* Problem to work on *
Reproduce word for word every line from the one containing "recommend clip art: Hummingbird" through the end of the listing below; omit the pictures.

* Information supplied *

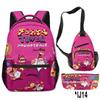 Klassisch Neuheit Eigenartig Cool Pizza Turm 3D Druck 3er Set Schultaschen Multifunktionale Reise Rucksack Brusttasche Federmäppchen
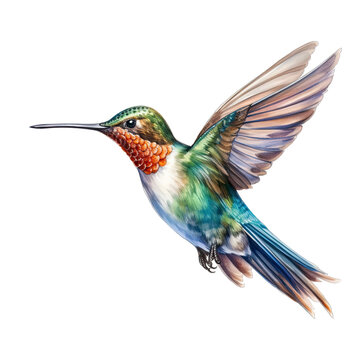 recommend clip art: Hummingbird watercolor clipart on transparent background. Generative AI illustration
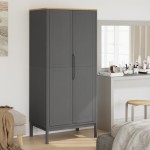 vidaXL Șifonier "FLORO", gri, 77x53x171 cm, lemn masiv pin vidaXL Șifonier "FLORO", gri, 77x53x171 cm, lemn masiv pin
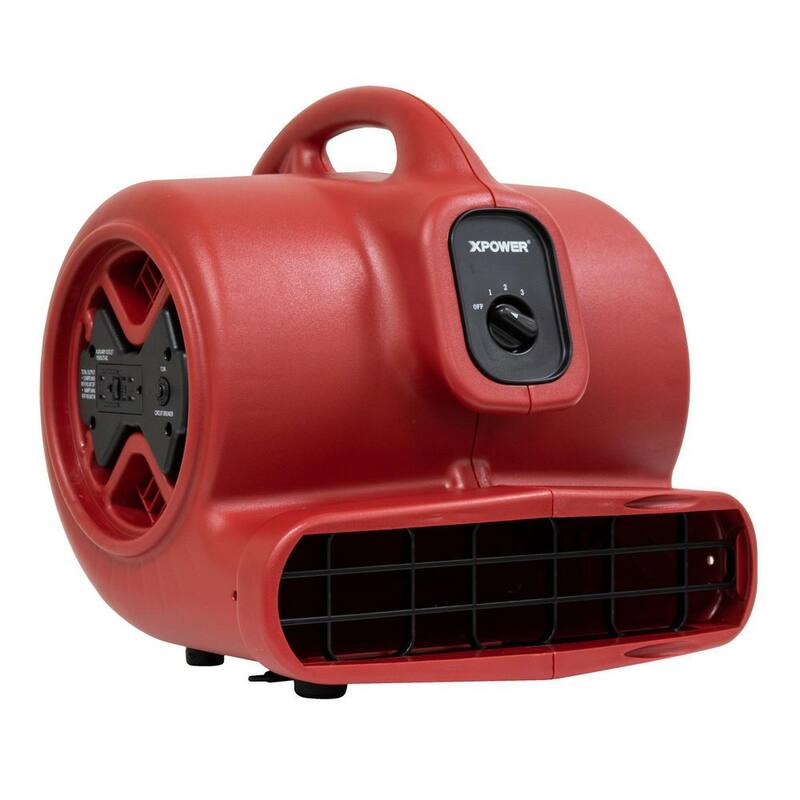 XPOWER 1/3 HP High Velocity Air Mover/Blower Fan with Daisy Chain - X-600A-Red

* Solution to the exercise *
 recommend clip art: Hummingbird watercolor clipart on transparent background. Generative AI illustration
 vidaXL Șifonier "FLORO", gri, 77x53x171 cm, lemn masiv pin vidaXL Șifonier "FLORO", gri, 77x53x171 cm, lemn masiv pin
 XPOWER 1/3 HP High Velocity Air Mover/Blower Fan with Daisy Chain - X-600A-Red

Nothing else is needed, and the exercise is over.